If you aren't an experienced milker, that can also be contributing. Some girls are also quicker to start drying up when the demand is gone.


----------



## Hollowdweller (May 5, 2011)

Little-Bits-N-Pieces said:


> She might not be milking a standard breed, it could be a Nigerian, a pygmy, some other mini....


Oh didn't think of that!

:-?:whatgoat:

12 oz seems hardly worth the effort. I don't make yogurt unless I have at least a gallon of milk and I don't make cheese with less than 3.

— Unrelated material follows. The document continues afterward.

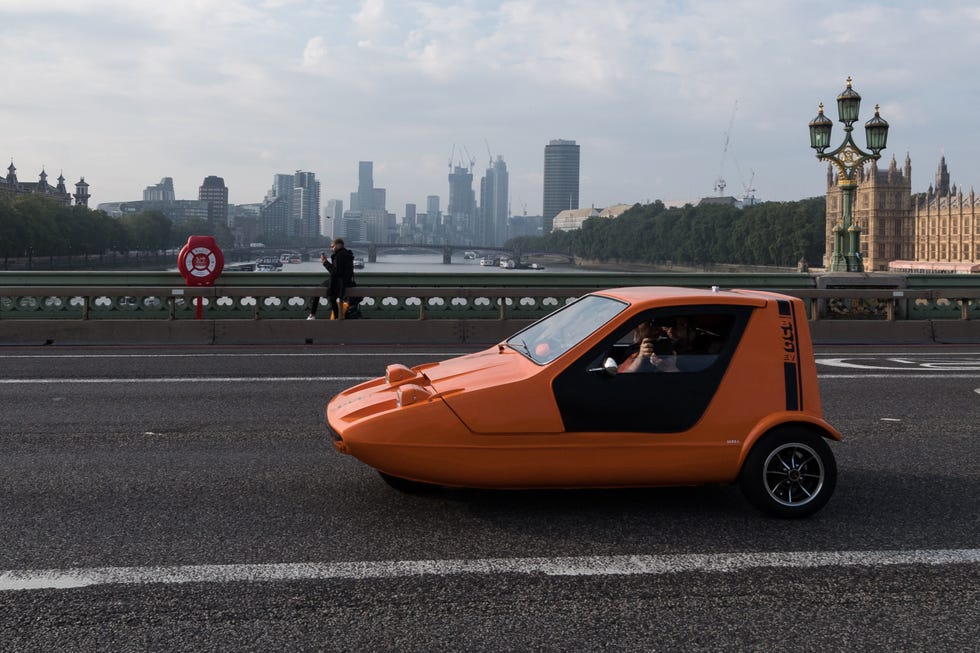 'Star Wars' and the Reliant Robin Are Weirdly Connected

I guess if you were just drinking the milk.....


----------



## groovyoldlady (Jul 21, 2011)

Hollowdweller said:


> Oh didn't think of that!
> 
> :-?:whatgoat:
> 
> ...


You have to work with what you have. Our nigey was very difficult to milk her first 2 freshenings. We only got 8-12 oz, but that was because she was stubborn and holding back on us. This time 'round we pulled her kids at birth to bottle feed and she's done MUCH better. She seems to (finally!) look forward to getting on the stand and eating and letting us milk her. And she's giving us 4-6 cups a day now!

When her production was low we still were able to make cheese and yogurt. We just had to wait a little longer to have enough for a recipe. Even now, I make cheese with 1 gallon of milk because I don't have pans that will take more. And I make my yogurt with 1 qt at a time because that's all my thermos will hold.


----------